Fig. 3. Investigation of the stromal compartment of non-lactating and lactating mammary epithelial cells.

a Stromal cells were classified into vascular accessory (VA), endothelial (EN), fibroblasts (FB) and immune (IM) cells. b Canonical stromal markers were used to classify the different stromal subtypes where LMC only contained IM cells. c Sub-setting and re-clustering of IM cells revealed that both myeloid and lymphocytic lineages were sequenced from both NMC and LMCs. d CellChat analysis between luminal and immune cell subtypes identified in milk (i). ii Observed interactions between the cell types. iii All immune cell subtypes signal to LC1 via the EGF, MK and SPP1 signalling pathway (selected receptor–ligand pairs shown), whereas LC1 and LC2 luminal clusters from milk are signalling to milk immune cells via MHC-II, MHC-I, CSF and GRN signalling pathways (selected receptor–ligand pairs shown).

Fig. 4. Comparing lactation-derived mammary cell (LMC) luminal clusters (LCs) with all other non-lactating mammary cell (NMC) types reveals similarity to non-lactating luminal progenitor (LP) cells.

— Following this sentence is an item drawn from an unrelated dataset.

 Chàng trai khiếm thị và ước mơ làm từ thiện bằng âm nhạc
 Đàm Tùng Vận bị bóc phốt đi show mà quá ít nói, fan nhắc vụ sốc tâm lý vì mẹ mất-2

a Violin plots of the mammary cell scores for i hormone-responsive (HR, mature luminal), ii luminal progenitor (LP), iii stromal or iv myoepithelial cells across the major cell clusters identified in this study. b Differential gene expression analysis derived using quasi-likelihood negative binomial generalized log-linear models revealed 1146 genes highly expressed in LC LMCs compared to 922 genes more highly expressed in LP NMCs, as displayed by a volcano plot (for a full list, see Supplementary Dataset 7). c Important biological process gene ontology pathways that were annotated by the top 10% of genes significantly differentially expressed (false discovery rate corrected p value <1 × 10⁻⁸) and upregulated in either LC (left) or LP (right); for a full list, see Supplementary Dataset 8 and 9. d Key LP (left) or LC (right) genes expressed in NMC-LP, LMC-LC or all other NMC clusters; colours represent overall normalized gene expression and size equals cell proportions.